«El secreto del Nilo» es uno de los pocos textos de Ramos Sucre, sino el único, que alude a una relación homosexual: la del emperador Adriano y su protegido Antinoo. Curiosamente, no ha sido examinado por quienes hablan de la misoginia o de la «sexualidad atormentada» del poeta. Confieso que el tema me interesa poco, y que mis notas intentan seguir mi conocido hilo sacrificial y sus implicaciones sociales o políticas. No sugiero con esto que la temática sexual no atravesará mis notas, sino que, simplemente, el énfasis no estará en ella. Pero seguramente alguno me recordará que el énfasis es una forma del disimulo.
El secreto del Nilo
Adriano estaba inconsolable con la pérdida de su favorito en el río cenagoso, entre saurios torpes. Había perecido cuando ostentaba los atributos e insignias de Apolo.

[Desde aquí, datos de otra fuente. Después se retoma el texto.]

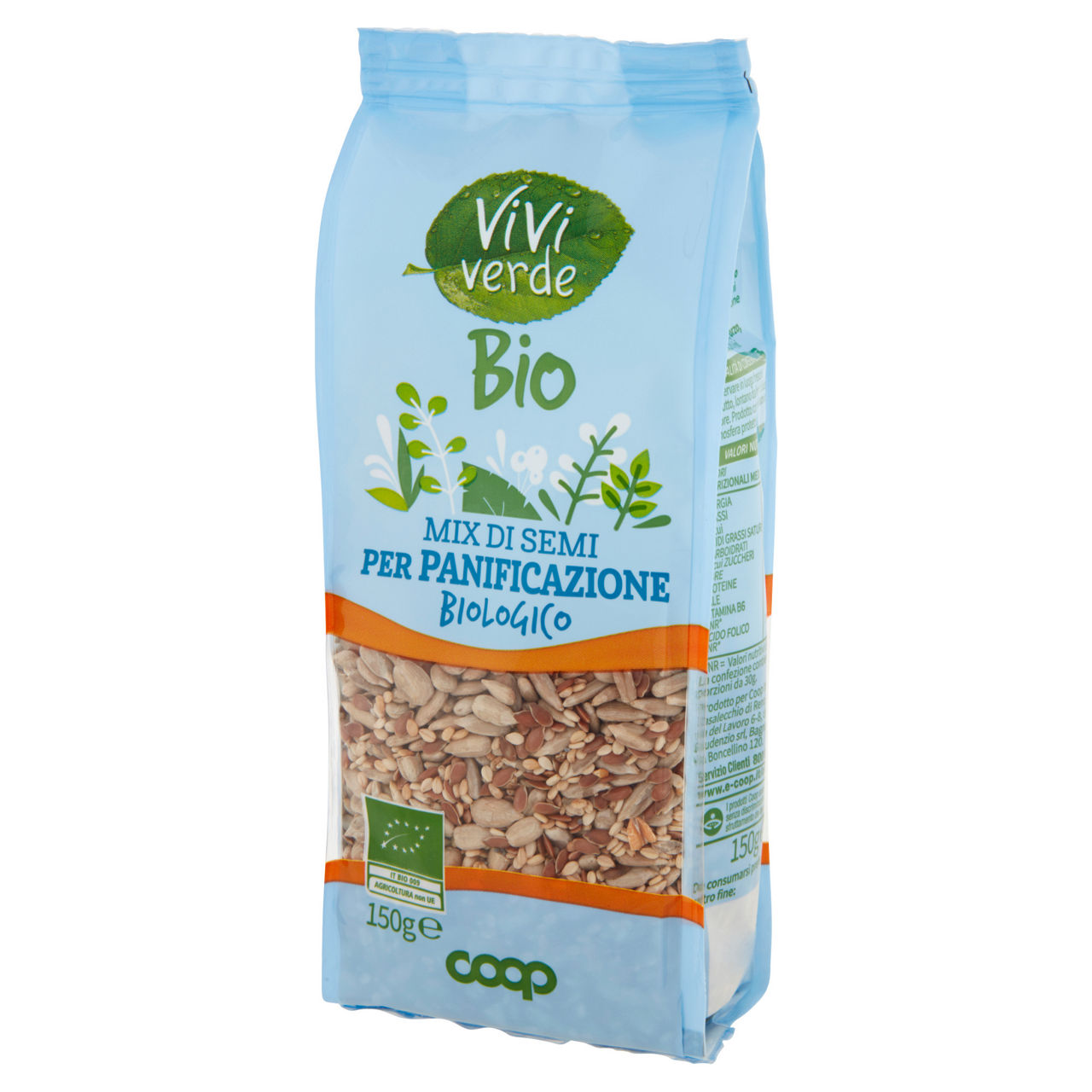 Mix di semi per panificazione bio 150 gr - Immagine 61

Las palmeras descabelladas presenciaban una vez más el sacrificio del sol, anegadas en la penumbra del momento solemne, y una pirámide abrumaba el horizonte de modo inexorable.

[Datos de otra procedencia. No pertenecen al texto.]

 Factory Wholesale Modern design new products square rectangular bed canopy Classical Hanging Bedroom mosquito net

Adriano había seguido las inspiraciones de una curiosidad impía y las enseñanzas de una crítica presumida, al visitar osadamente el país de los mitos sabios, espectador inmóvil del misterio.
Adriano se ha reclinado sobre el zócalo de un monumento derruido, en la vecindad del río inagotable, y descubre una imagen de su pensamiento en la actitud de un gavilán, el mismo del rito indígena, ensañado en aventar las plumas de una víctima.